La Cour de cassation relève que la cour d’appel aurait du examiner, en sus de la part du chiffre d’affaires et de la proportion réévaluée des actifs, les indices fondés sur la nature de l’activité de la société et les conditions de son exercice, invoqués par le requérant.

C’est donc la méthode du faisceau d’indices qui est rappelée. Le Conseil d’Etat, en les mêmes termes avait retenu la même motivation dans sa décision du 23 janvier 2020 (n°435562).

Ainsi, le caractère prépondérant de l’activité doit être déterminé aussi d’après la nature de l’activité et les conditions de son exercice.

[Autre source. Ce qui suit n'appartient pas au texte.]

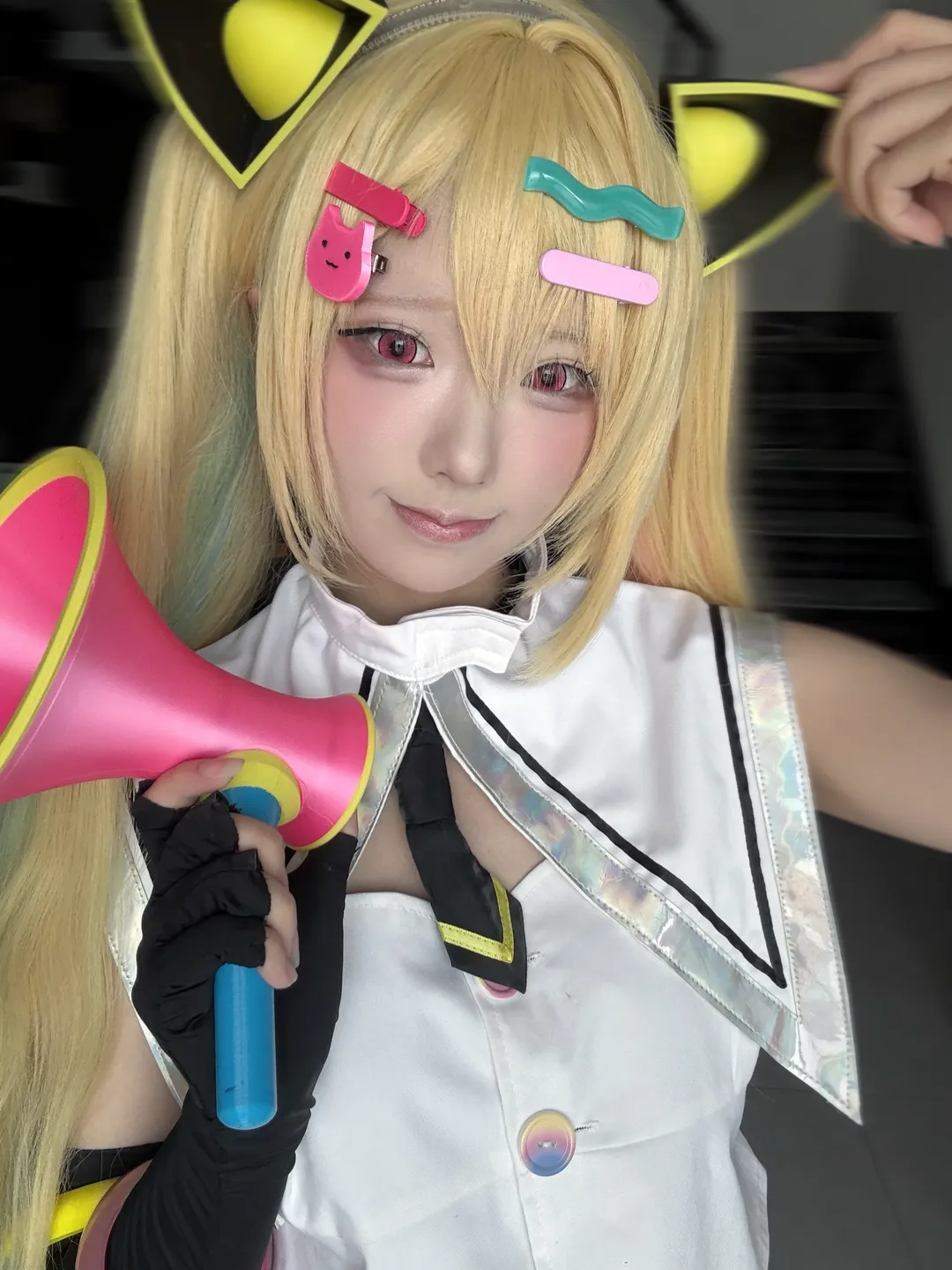 【仲町阿拉蕾cos】bangdream梦限大打歌服，不对称袜套造型 - 第 1 张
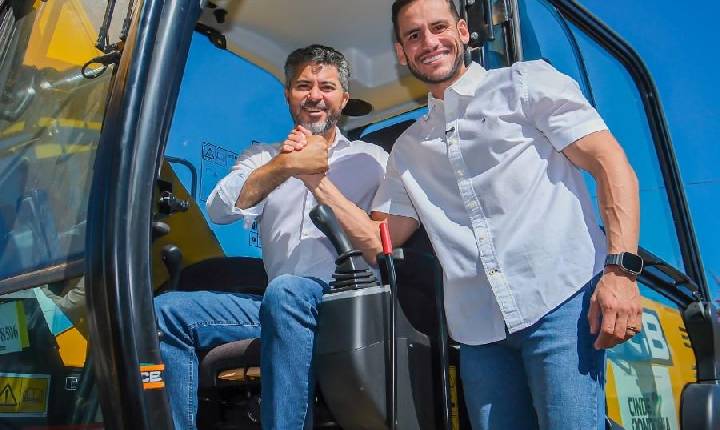 Política - Marcos Rogério destina recursos e Ji-Paraná recebe máquinas para reforçar obras urbanas e estradas rurais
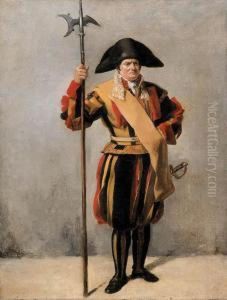 A Swiss Guard by Antoinette Cecile Hortense Lescot Haudebourt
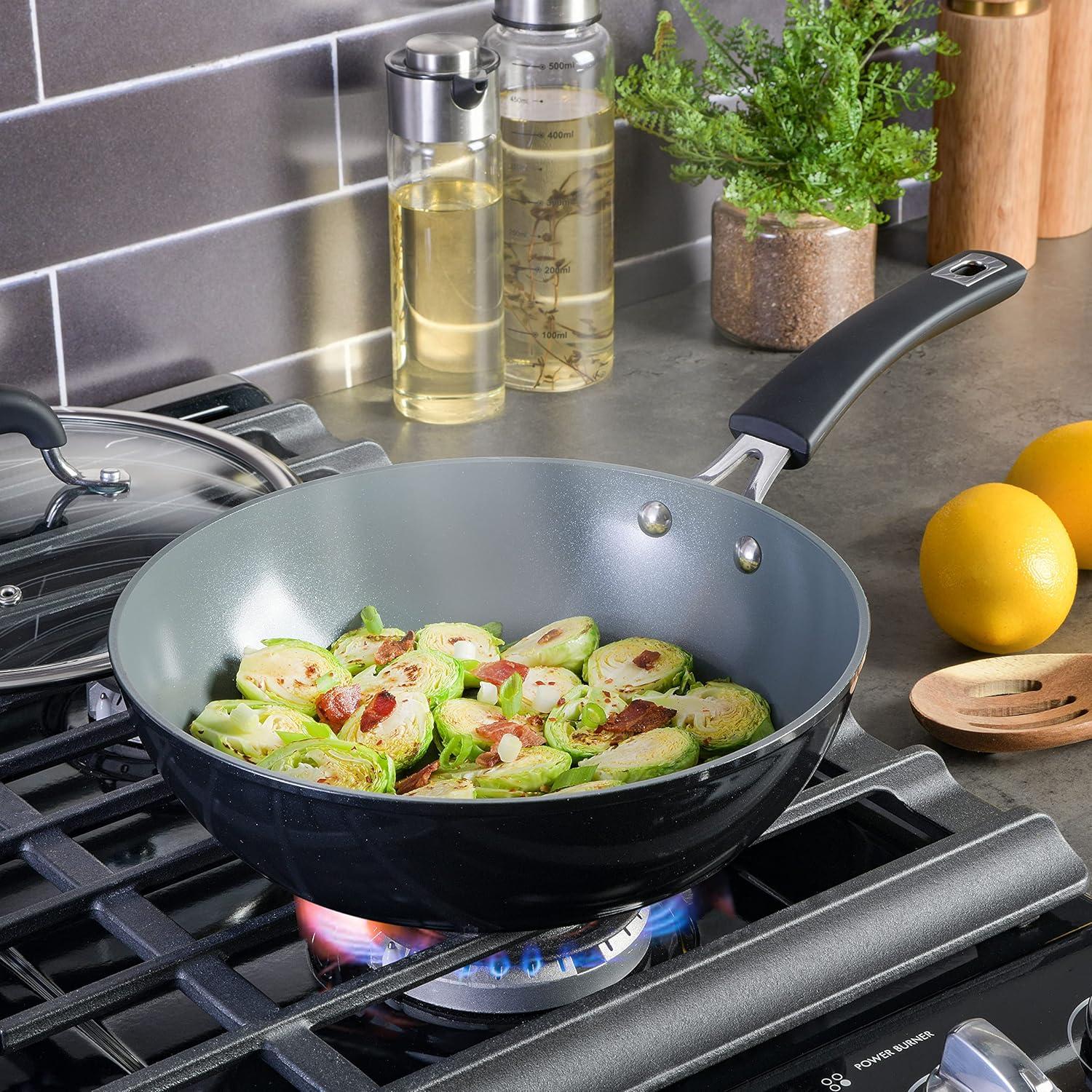 Black Diamond 3.5 QT Non-Stick Aluminum Sauté Pan with Lid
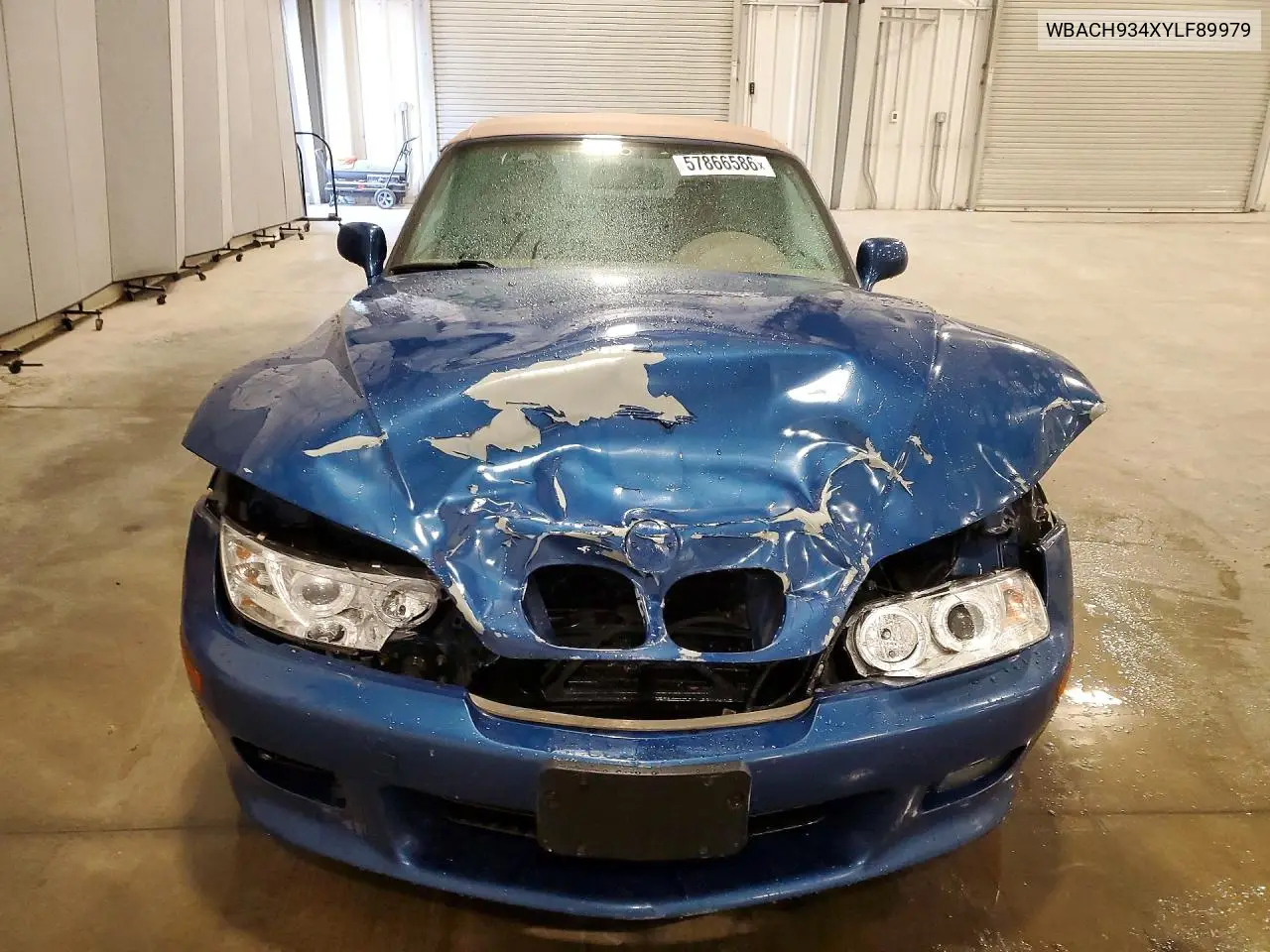 2000 BMW Z3 2.3 VIN: WBACH934XYLF89979 Lot: 57866586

Néanmoins, cette méthode du faisceau d’indices est de nature à créer de l’incertitude. En droit, si existe de l’incertitude, existe l’insécurité juridique. Les critères d’appréciation de la prépondérance d’activité varient intrinsèquement d’une société à l’autre selon la nature de l’activité et les conditions d’exercice.

Le temps passé sur un projet commercial qui ne réalise pas de chiffre d’affaires en l’état doit-il être pris en compte pour caractériser la prépondérance d’une activité civile ou commerciale ? Les moyens humains et matériels alloués à une activité éligible le sont-ils d’autant ?

Autant de questions qui se poseront aux avocats fiscalistes et aux magistrats saisis.

Malgré toutes les incertitudes qui peuvent être créées par l’application de la méthode du faisceau d’indices, il faut se garder d’être alarmiste. En effet, nous avons déjà pu constater que la méthode du faisceau d’indices a pu être précisée. Cela a été le cas pour la qualification de holding animatrice où la cour d’appel de Paris a délivré une grille d’analyse de la prépondérance de l’animation. Il faudra donc être vigilant aux prochaines décisions qui permettront de poursuivre l’affinement de ces critères d’appréciation.